This is a guest blogpost by Vera Loftis, UK managing director, Bluewolf
The availability of real time customer data and the increasing capability of companies to analyse and create actionable insights is revolutionising the way companies interact with their customers. It is also transforming how and when colleagues with varied skill sets across different teams work together.
As our ability to make sense of customer data increases exponentially, marketing experts are collaborating far more closely with data analysts, scientists and IT teams than they have in the past.
In this area, augmented intelligence (AI) is set to assume ever greater importance. AI harnesses the power of information technology to enhance human intelligence. It helps companies to understand their customers’ habits, behaviours and actions to deliver a better overall customer experience. This in turn drives growth, efficiency and innovation.
Against this background, many of the world’s biggest brands need to examine multiple touchpoints across different parts of a customer’s journey. By looking at that holistically, and at what point customers engage or don’t engage in our communications, companies can make an impact and optimise on each unique ‘customer moment’. Moving forward, data scientists and IT professionals will perform a critical role in delivering high quality actionable customer insights.
The customer opportunity
There is a great opportunity for marketers to work closely with data analysts to understand their customers better. With such a raft of data available, the key is to make sense of it and learn more about what customers want. By understanding what products and services an individual wants, and when and through which channels, marketers can maximise engagement with customers and drive sales.

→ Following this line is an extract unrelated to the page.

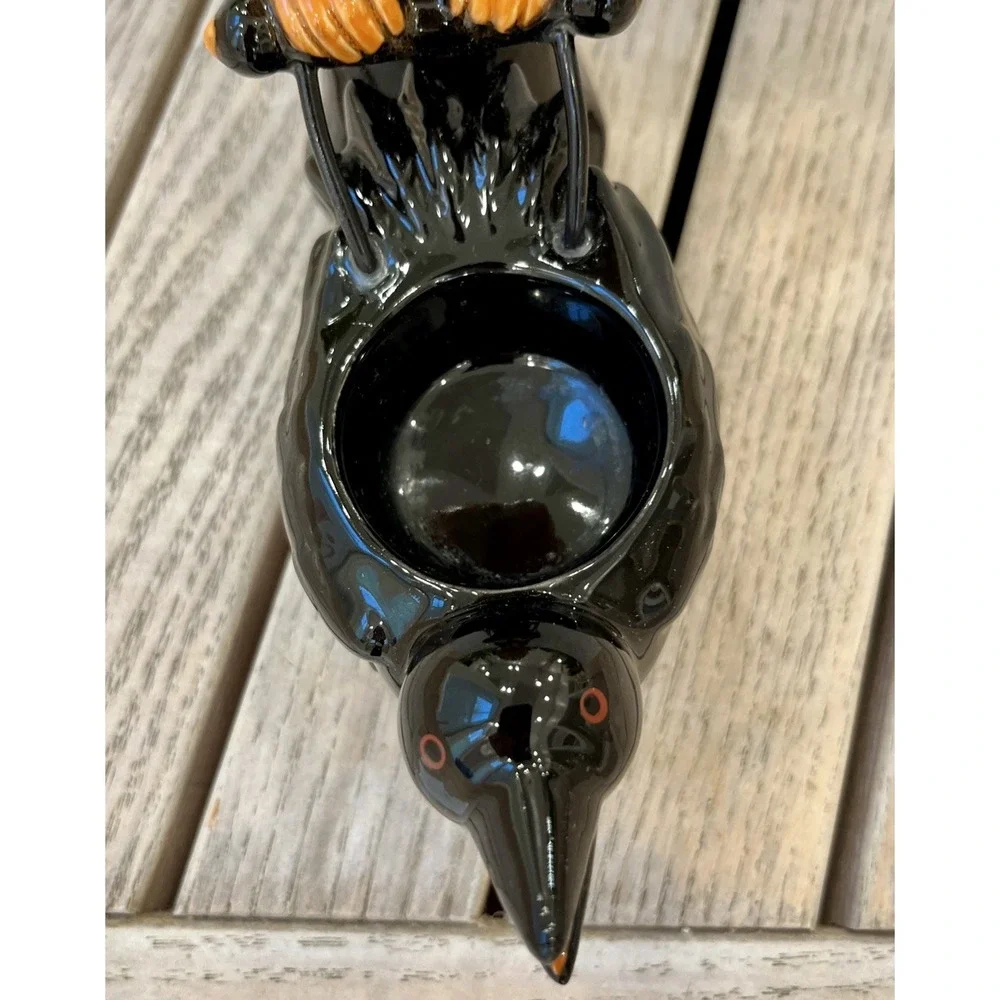 Yankee Candle PumpkinPeople Raven Carriage TeaLight Holder Halloween 2011 Rare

Customer journey mapping and its relevance
This is where customer journey mapping can play such a key role. Customer journey mapping is defined as the process of documenting a customer’s experiences with an organisation, across all major and minor touchpoints. Often done graphically, it can be a complex but very valuable activity that offers a holistic approach to understanding a customer’s experience. The more you use journey mapping, the better you can understand customers’ motivations and behaviours.

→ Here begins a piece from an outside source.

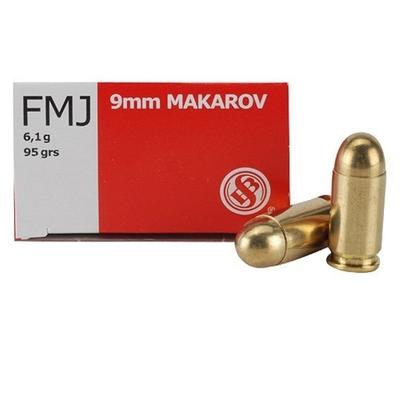 Sellier & Bellot Ammo 9x18 Makarov 95 Grain FM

So how does AI fit into this picture?
AI can undoubtedly help organisations map the customer journey and, in doing so, understand and engage with them better. Augmented intelligence allows us to make sense of massive amounts of structured and unstructured data to get a clear picture of customer attitudes, motivations, and behaviours. If we can understand and then predict how data can benefit our customers, we can better serve them at a future moment of need.
For example, IBM and Salesforce’s recent partnership includes a way for IBM Watson and Salesforce Einstein to connect and enable deeper customer engagement. Watson can connect AI to weather through IBM Weather Insights. If say, an insurance company knew that hail was about to hit, through Salesforce connectivity, they can simply notify customers to get their cars into the garage. It’s that quick and actionable.
Through artificial intelligence and machine learning, marketers will soon be able to scale and automate campaigns at a level that we haven’t been able to before. There’s still a lot of things that need to be automated in creative and content marketing, but that’s the future. Data is the most important resource organisations have in delivering exceptional customer experiences. Working together across departments, companies need to focus on understanding the changing dynamics of their customers by mapping the customer journey and engaging them better with AI. By focusing on how they can use data and intelligent systems, they can understand customers better. This will help them deliver more relevant, timely and better products that increase customer satisfaction while upholding brand standards and maximising sales.